Ailelere Tutumlar Hakkında Tavsiyeler:
- Çocuklarımızın duygularını anlayabilmek ve yansıtabilmek için onları dikkatli ve tarafsız bir biçimde dinleyin.
- Çocuğunuz kaç yaşına gelmiş olursa olsun sizlerden beğeni ve takdir (resmindeki renk seçimlerin harika, ortalıkta bir sürü eşya vardı ve sen hepsini toplamışsın seninle gurur duyuyorum, ben yemek yaparken kardeşinle ilgilendiğin için teşekkür ederim) cümlelerini duymaya ihtiyacı vardır.
- Çocuğunuzun hata yapması son derece normaldir, hatalara izin verin ve yanında olun. Örneğin elindeki bardağı düşürüp size mahcup bir yüz ifadesiyle bakan çocuğunuza ‘+Bardağın elinden düştüğü için üzüldün ve korktun. Hadi bir bez getir ve birlikte toplayalım. –Kızmadın mı anne? +Hayır, bazen eşyalar elimizden kayıp düşebilir. Önemli olan senin iyi olman.’ diyerek o anki ufak korkudan sonra çocuğun rahatlamasını sağlayabilirsiniz.
- Çocuğunuzun duygularını açık ve net biçimde ifade etmesini teşvik edin buradaki temel koşul ebeveynin de duygularını açık ve net ifade edebilmesidir. Örneğin okulda arkadaşı tarafından alay edilmiş bir şekilde size geldi ve öfkeyle olan biteni anlattı ‘Görüyorum ki arkadaşlarının söyledikleri seni öfkelendirmiş, üzmüş ve hayal kırıklığına uğratmış. Duygularını onlara ifade ettin mi?’ şeklinde onu anlamaya dönük bir yaklaşım sağlıklı olacaktır.
- Konu ne olursa olsun ‘Ayşe senden güzel yazı yazıyor’ gibi bir kıyaslamaya girmeyin her çocuk farklıdır ve biriciktir.

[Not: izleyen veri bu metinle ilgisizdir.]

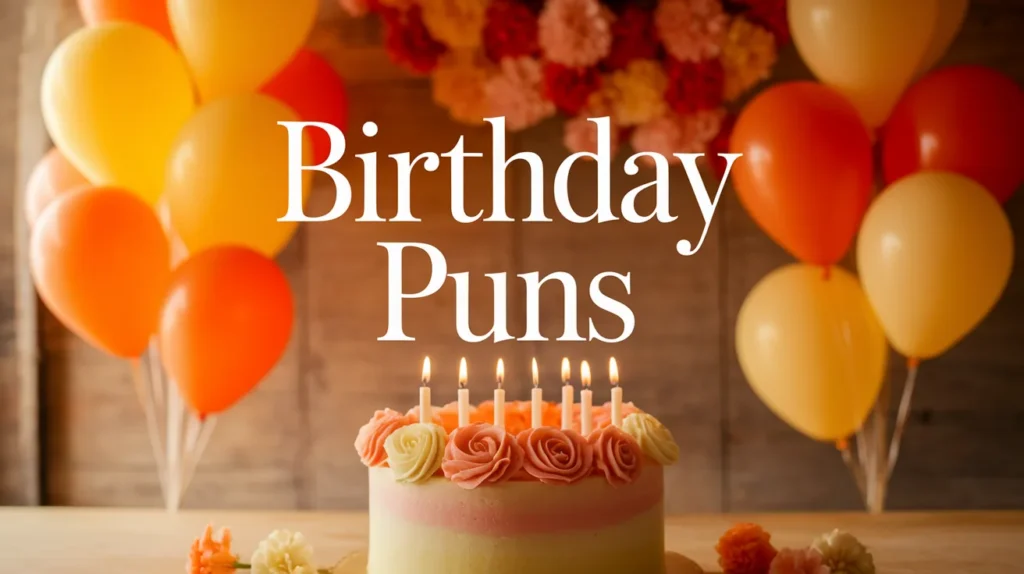 Birthday Puns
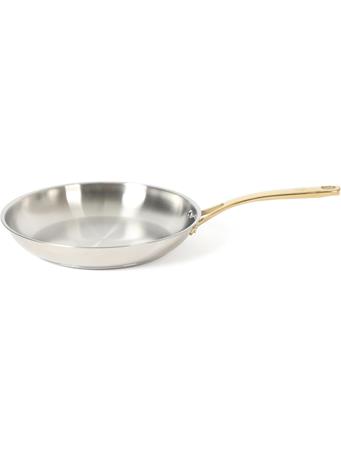 MARTHA STEWART - Castelle 12 Inch Stainless Steel Frying Pan STAINLESS STEEL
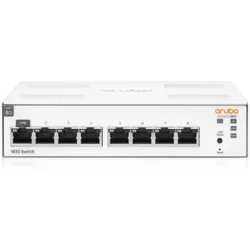 HPE Aruba Switch 1830 8G 8xGBit JL810A (8 Ports), Netzwerk Switch, Schwarz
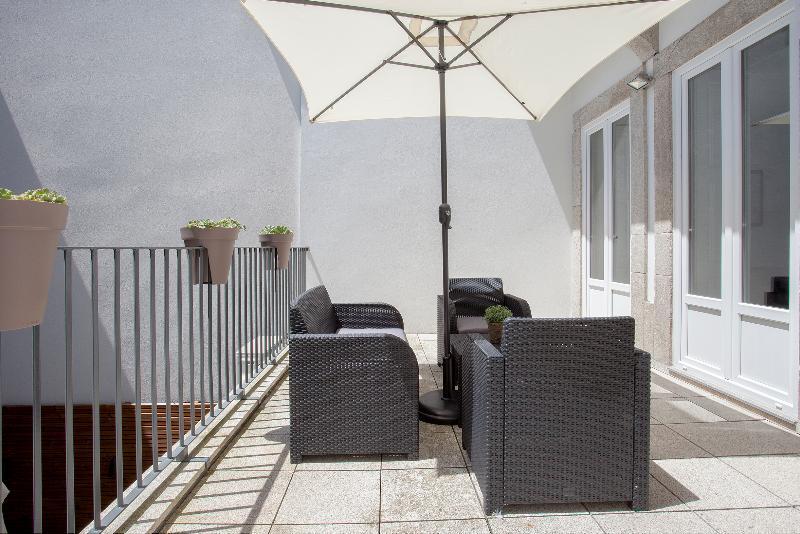 Downtown Sunny Terrace Porto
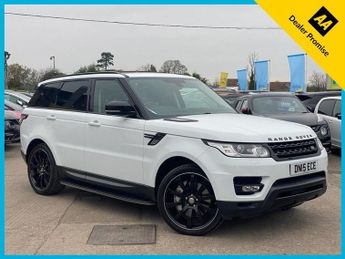 Land Rover Range Rover Sport 3.0 SD V6 HSE Dynamic SUV 5dr Diesel Auto 4WD Euro 5 (s/s) (306 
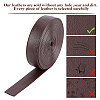 Flat PU Imitation Leather Cord LC-WH0006-05A-01-7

Çocuğunuzun güçlü yanlarına odaklanın.
- Sorumluluk alabilmesi için ona imkânlar oluşturun. Sofraya kaşığı çatalı koymak, yemek yendikten sonra tabakları tezgâha yerleştirmek, bazen de ondan yardım istemek veya çantasını hazırlamak, oyuncaklarını toparlamak, ödevlerini zamanında yapmak gibi sorumluluklarını üstlenmesinin ve birine yardım etmenin verdiği başarmışlık hissini tecrübe etmesine izin verin.

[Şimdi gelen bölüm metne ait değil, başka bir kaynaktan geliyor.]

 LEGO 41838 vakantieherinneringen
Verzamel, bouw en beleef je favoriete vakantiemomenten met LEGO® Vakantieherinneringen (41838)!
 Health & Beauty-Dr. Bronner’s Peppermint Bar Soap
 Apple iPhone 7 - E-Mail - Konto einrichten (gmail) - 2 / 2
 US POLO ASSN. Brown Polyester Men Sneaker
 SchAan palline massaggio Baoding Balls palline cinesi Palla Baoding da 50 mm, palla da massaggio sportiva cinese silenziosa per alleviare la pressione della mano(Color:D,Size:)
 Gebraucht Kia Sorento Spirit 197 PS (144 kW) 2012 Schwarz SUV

- Çocuk adına kararlar almayın çocukla birlikte küçük aile toplantıları eşliğinde ortak karar alın ve kendi başına karar alabilmesi için ona destek olun.

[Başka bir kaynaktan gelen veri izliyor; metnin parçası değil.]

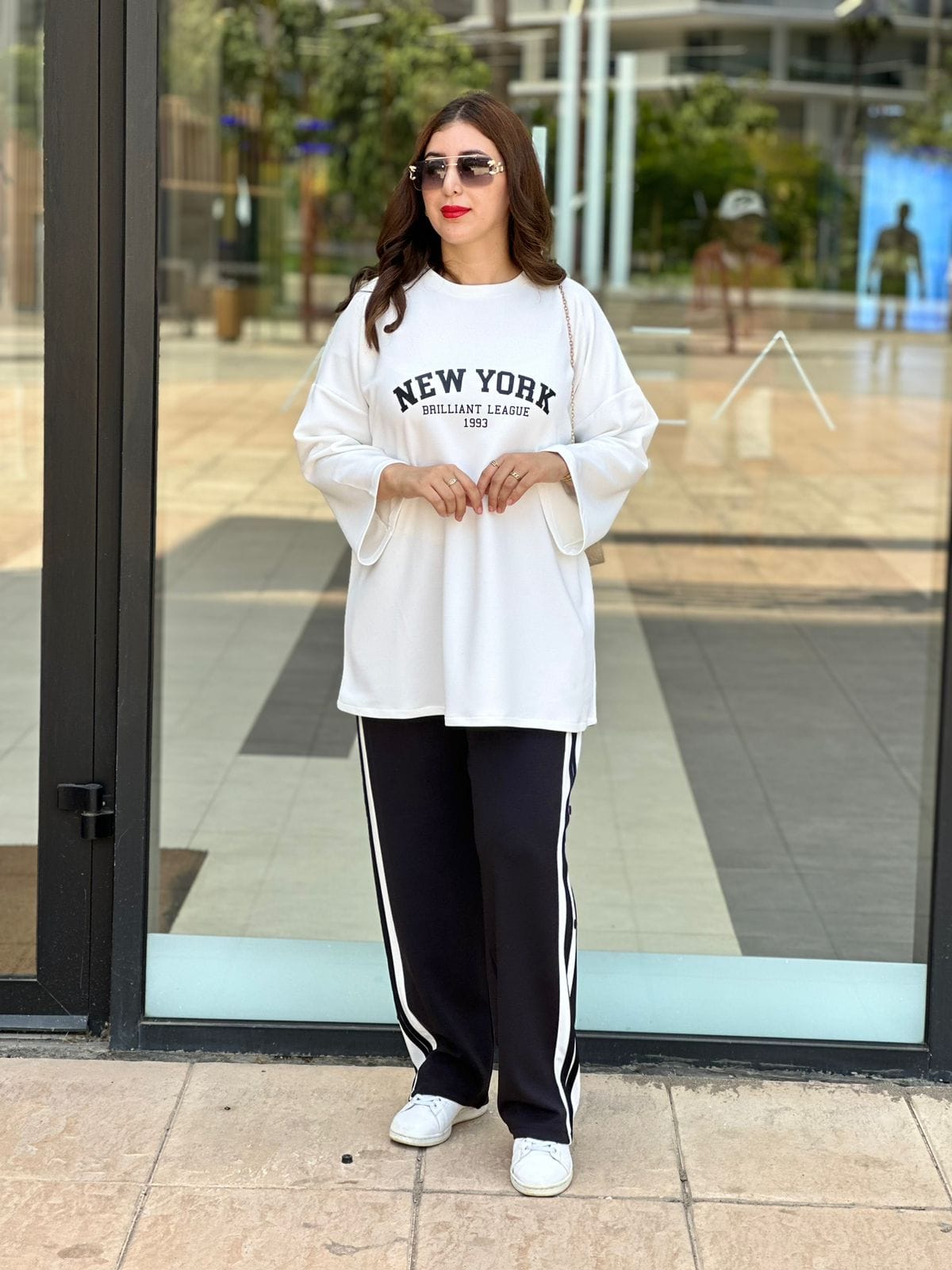 أنصومبل 2 بياس NYC بثوب ليكرا صيفي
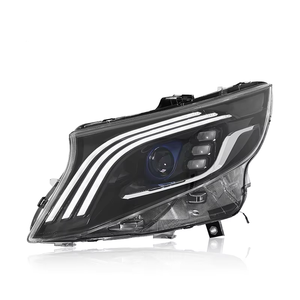 Scheinwerfer-Set für 2016-2023 Mercedes-Benz VITO/V-Klasse W447 12V LED-Tagfahrlicht Upgrade im Maybach-Stil V260 - Product Image 2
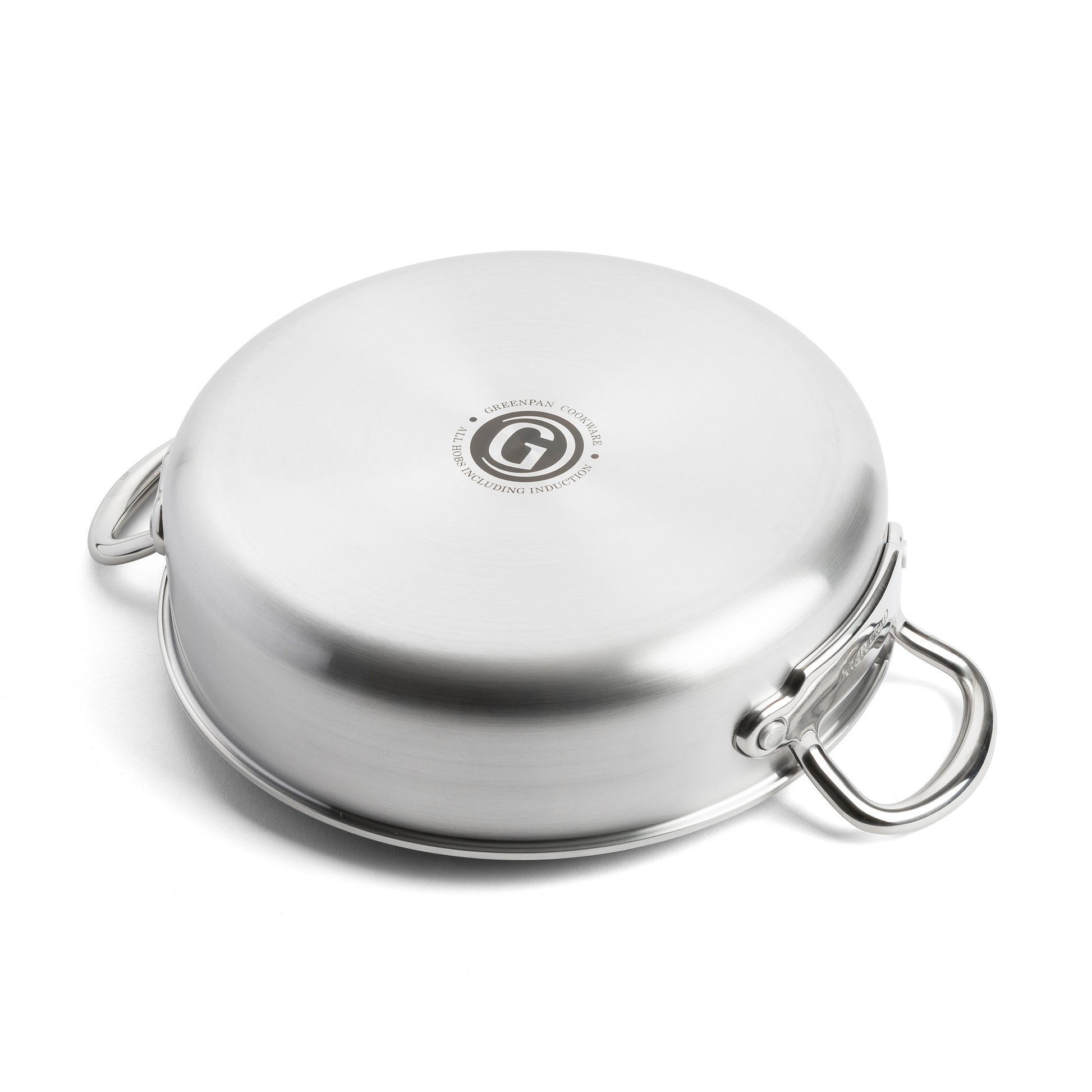 Le Creuset Braad- / Stoofpan Signature ovaal Azure 31cm 6,3l Le Creuset Braad- / Stoofpan Signature ovaal Azure 31cm 6,3l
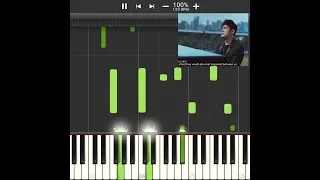 周杰倫 Jay Chou【說好不哭 Won't Cry】with 五月天阿信 (Mayday Ashin) - PIANO TUTORIAL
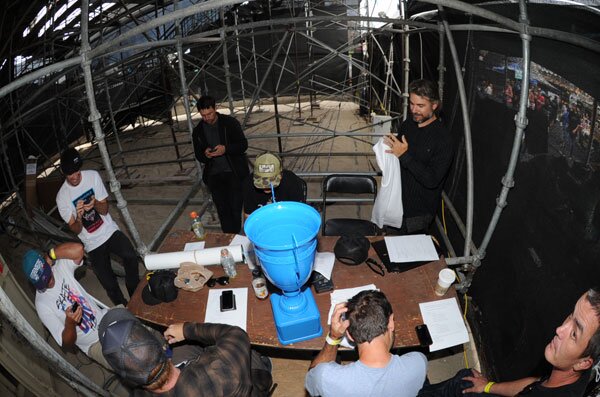 The SPoT Media Team's office under the ramps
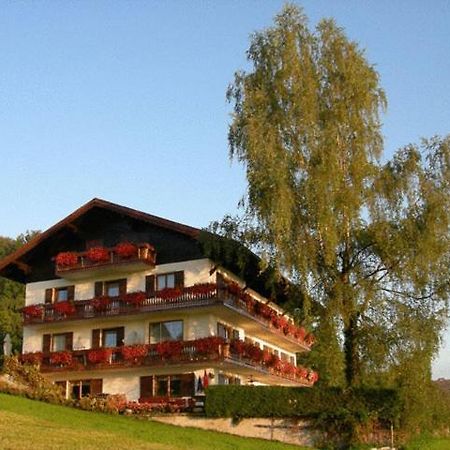 Pension Seeblick Attersee ภายนอก รูปภาพ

- Çocuğunuz sizden bir şey istediğinde ya da size bir şey sorduğunda hemen yerine getirmek zorunda değilsiniz. Eşinize danışmak için süre isteyebilir ve ortak kararınızı birlikte paylaşabilirsiniz.
- Davranışlarınızda tutarlı, sınırlarınızda kararlı tutarlı olun.
Eğer tutumlar ve davranışlar konusunda destek almak isterseniz okul psikolojik danışmanlarımıza başvurabilirsiniz. Yazımı Wılfred A. PETERSON’ın bir sözüyle noktalamak istiyorum. ‘Çocuklarımız bizi izleyerek büyür ve ne olduğumuz, söylediklerimizden daha çok şey anlatır.’